Globe Trot: Obama arms sales and Yemen’s war
Emails indicate the president wanted to soothe Saudi concerns over the Iran nuclear agreement
YEMEN: The Obama administration approved $1.3 billion in arms sales to Saudi Arabia last year, despite warnings from legal advisers the sale could implicate the United States—and U.S. military personnel—in war crimes over the Saudi-led air assault on Yemen. Typically, secretaries of defense and state and the director of intelligence sign off on such arms sales, and at that scale and with this tightly controlled White House, with presidential assent. Emails obtained by Reuters under the Freedom of Information Act indicate President Obama wanted the deal to allay Saudi concern over his Iran nuclear agreement.

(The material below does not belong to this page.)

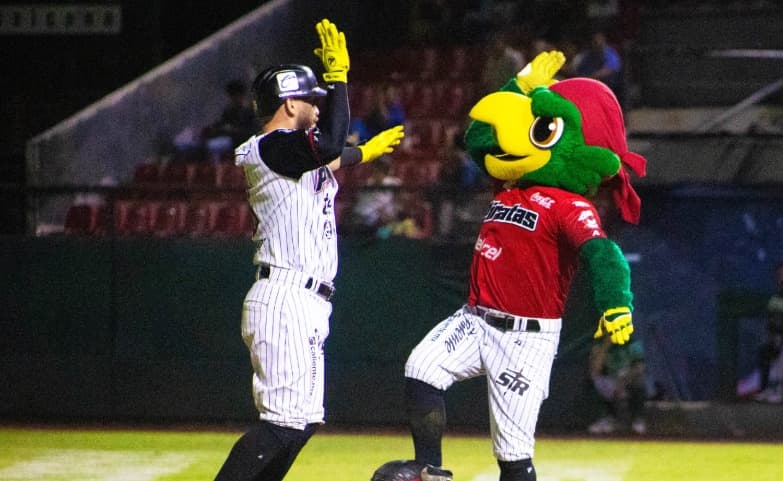 Piratas con la serie completa ante Olmecas en el galeón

On Sunday, a U.S. destroyer near the Suez came under fire from Yemeni rebel missiles (ironically, Iranian-made weapons), forcing it to engage defense systems. The attack took place after a Saudi airstrike hit a funeral hall in the capital, killing more than 140 people.
HAITI: Hurricane Matthew’s devastation in photos, with post-hurricane relief now underway.

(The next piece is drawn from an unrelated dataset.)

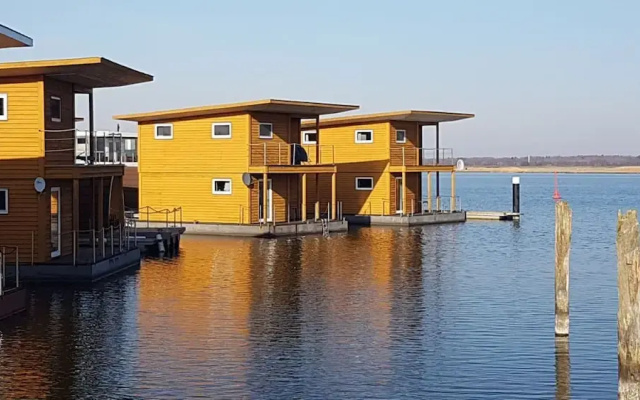 Hausboot in Kroeslin am Bodden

SYRIA: Leading presidential candidates Hillary Clinton and Donald Trump gave perhaps their best shot at a serious policy discussion on Syria during last night’s debate, but the pair fell short on coherence. Pressed by a moderator, Clinton did not say she’d consider a no-fly zone, something she argued for during her tenure as secretary of state, simply vowing no U.S. boots on the ground. Trump said President Obama crossed his own red line on Clinton’s watch as secretary of state (wrong) and said the majority of airstrikes by Syrian and Russian forces target ISIS (also wrong).

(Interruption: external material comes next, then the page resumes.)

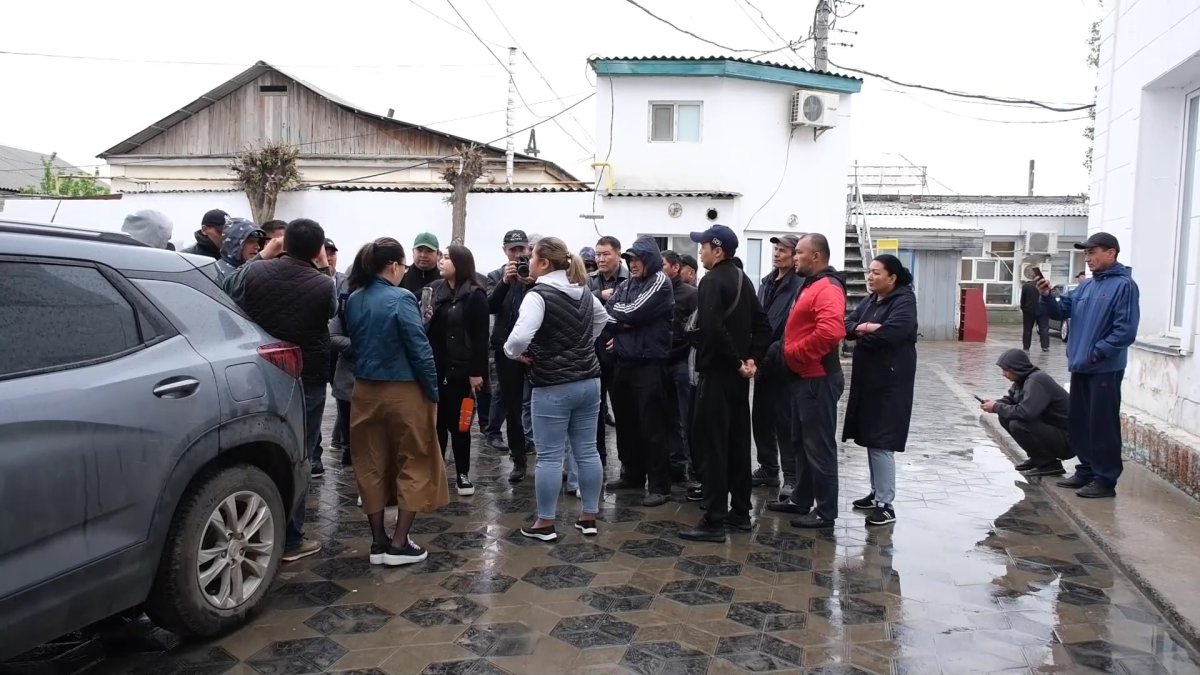 Атырауда бір топ жұмыссыз адам рекуртингтік компаниялардың арбауына түсіп, алданып қалған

The Trump videotape controversy successfully overwhelmed media coverage of WikiLeaks’ release of thousands of illegally obtained emails of Clinton adviser John Podesta. Among what seem most damaging (best to read them yourself in this charged atmosphere) are Clinton speech transcripts she refused to release that call for “open borders,” and damaging indications she authorized arms shipments to terrorist-linked groups in Syria and Libya.
For insiders, “open borders” has become movement language referring to an EU-like policy allowing free movement across, say, all of North America, or dropping border control altogether.
Pastor and author Tim Keller on the need for “confident pluralism.”
TURKEY: Nine years later, the five men who tortured and murdered three Christians in Malatya are in jail, but Christians aren’t feeling more secure.
I’m following a report of two Americans jailed under Turkey’s new and draconian “state of emergency” laws. If you have information or U.S. Embassy contacts, email me.
INFIDELS UPDATE: Over the next month I’ll be putting together an update for the paperback edition of They Say We Are Infidels and hope to include a few tidbits (at your suggestion) here along the way. Insaf Safou made a successful trip to Turkey this summer, despite the coup, gathering with Iraqi refugee women for counseling and teaching. And while the rest of us try to just spell “Aleppo,” Armenians are delivering aid to the besieged city at huge risk. Armenians escaped the Ottoman genocide a century ago by resettling in Aleppo, and the now-independent country’s consul in Aleppo told journalists Syria provided wheat and other necessities during its 1990s crisis over the Soviet breakup, so “Armenia will continue to send aid to the Syrian people.”